──どうすれば接合技術をきちんと習得することができるのでしょうか。ポイントを教えてください。

岡本氏:各接合技術について原理・原則まで遡って理解すること大切です。冒頭で述べた通り、今後は世界で勝ち残るために限界設計に挑まなければならなくなります。原理・原則を押さえておかなければ、ギリギリを突くこうした極限のものづくりを実現することはできないのです。

 「基礎的な技術が(十分では)ないと反省している」──。これは、大手自動車メーカーのある役員の言葉です。「技術者にもう一度ものづくりの基礎的な技術を身に付けてもらわないと、まともなもの(競争力のある製品)が造れない」と、大手自動車メーカーが考えているのです。

 しかし、これは当然のことだと思います。ねじ締結や接合、トライボロジーを適用した箇所が、しばしばトラブル源やリコール源になっているからです。これらの技術は一見地味に感じるかもしれません。しかし、きちんとしたものづくりを行うための生命線なのです。だからこそ、この自動車メーカーは今、こうした基礎的な技術の習得に力を入れているのです。「基礎的な技術の原理・原則を押さえてない技術者が、限界設計に挑めるはずがない」と、この自動車メーカーは考えているのでしょう。

 新しい技術は往々にして、基礎的な技術の積み上げです。全くの革新的な技術など、そうはありません。そのため、新しい技術を生み出す上でも、原理・原則をしっかり押さえておく必要があります。

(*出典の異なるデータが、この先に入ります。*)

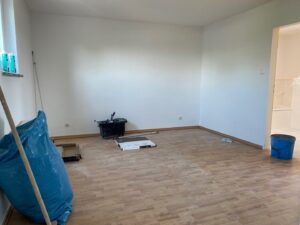 Arbeitszimmer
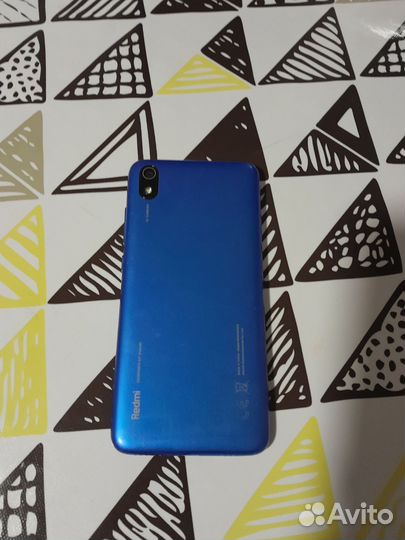 Xiaomi Redmi 7A, 2/16 ГБ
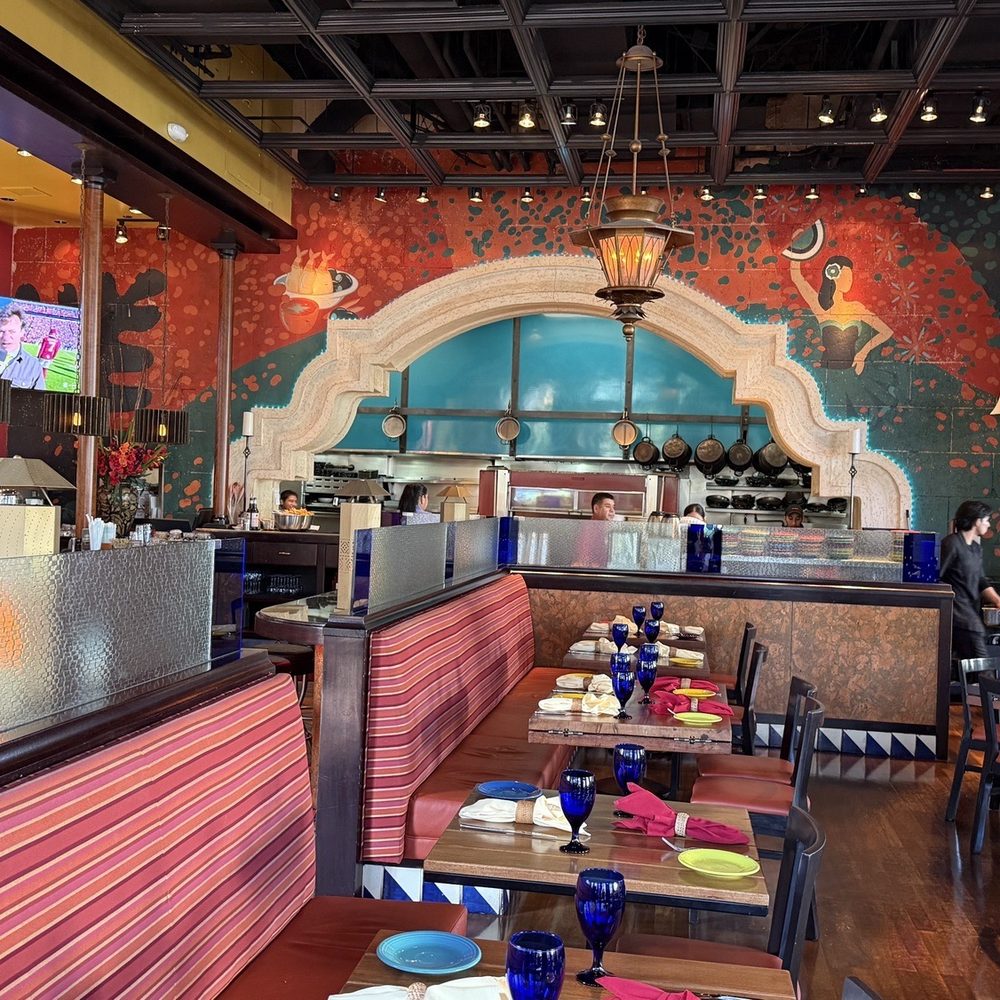 Cascal - Interior - Tapas Bars Near Me - Mountain View, California Cascal - Interior - Tapas Bars Near Me - Mountain View, California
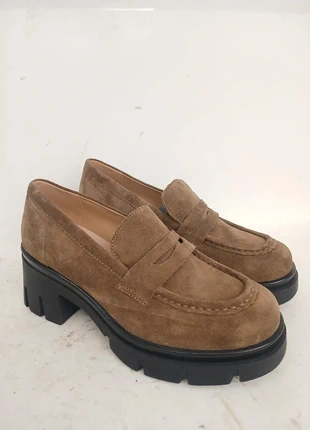 Mocassino Para alta, marque: Luxury, état: Neuf sans étiquette, taille: 37, 25,00 €, 26,95 € Protection acheteurs (Pro) incluse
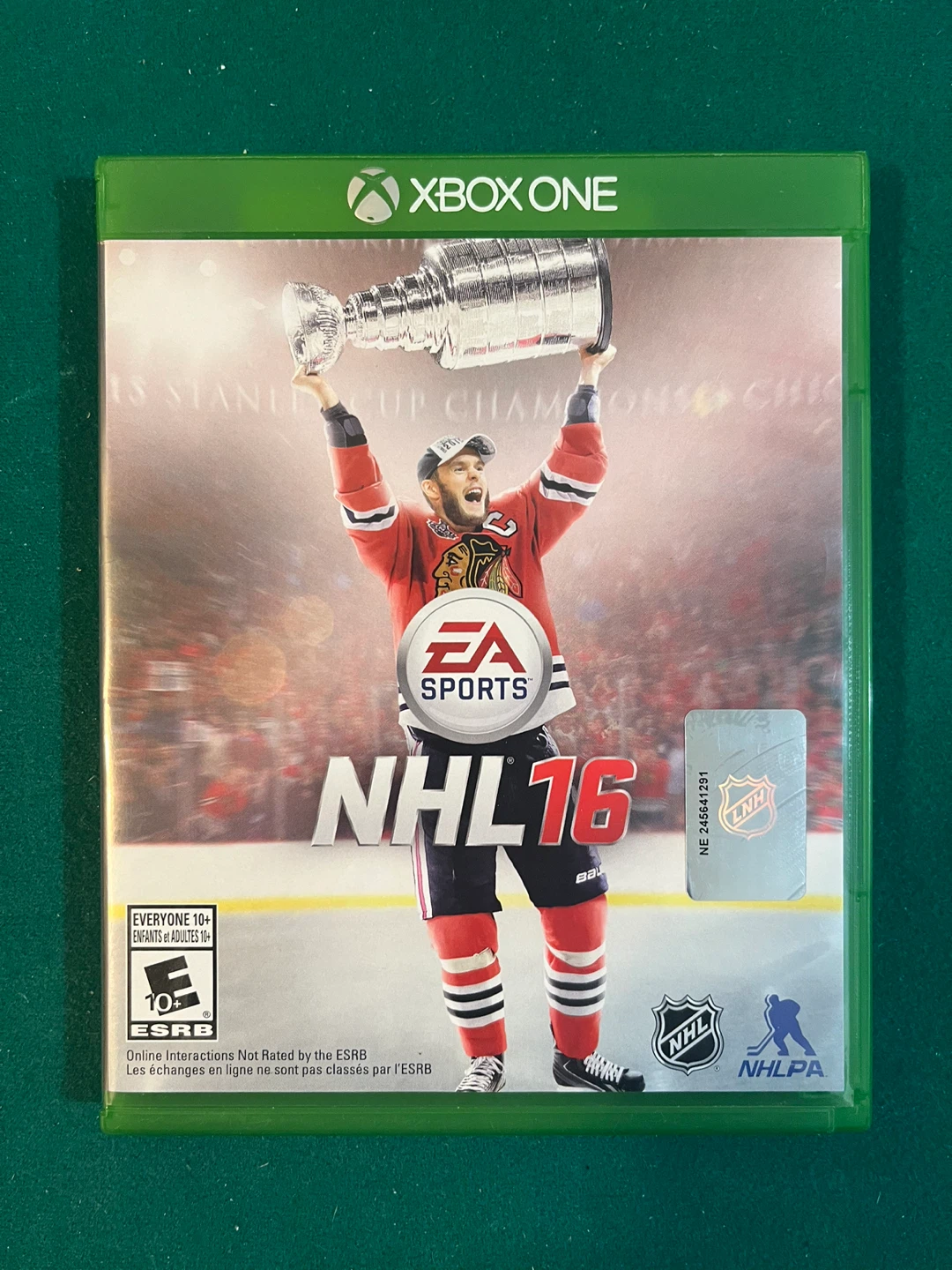 Xbox One Lot of 4 Games  Prices in Description - photo 3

 最近、はんだがなぜ接合するのか分からない技術者が増えています。フラックスの役割を知らない人も多くて驚くほど。最近ははんだ材料の中にフラックスが入っています。そのため、フラックスなどなくてもはんだが接合すると勘違いしている。フラックスという言葉は知っていても、何のためにあるのかを知らない人が多い。そして、はんだの中にフラックスが入っていることを知らない人も少なくありません。

 フラックスは表面に付いている酸化皮膜を還元して取り除き、はんだのぬれ性を向上させるもの。こうしたはんだの原理・原則を知らないままだと、ぬれ性を気にせずにはんだ付けをしてしまうことがある。すると、剥がれてしまったときに、なぜ剥がれてしまったのかというトラブルの原因を追究できません。

 派手な最新技術に目を奪われるのは技術者として仕方がないとしても、基礎的な技術を疎かにするとトラブルに苦しむことになりかねません。これはスポーツも同じ。ボールを止める、蹴るというサッカーの基本がきちんとできないチームに、派手なシュートを決めてワールドカップで優勝するような芸当はできません。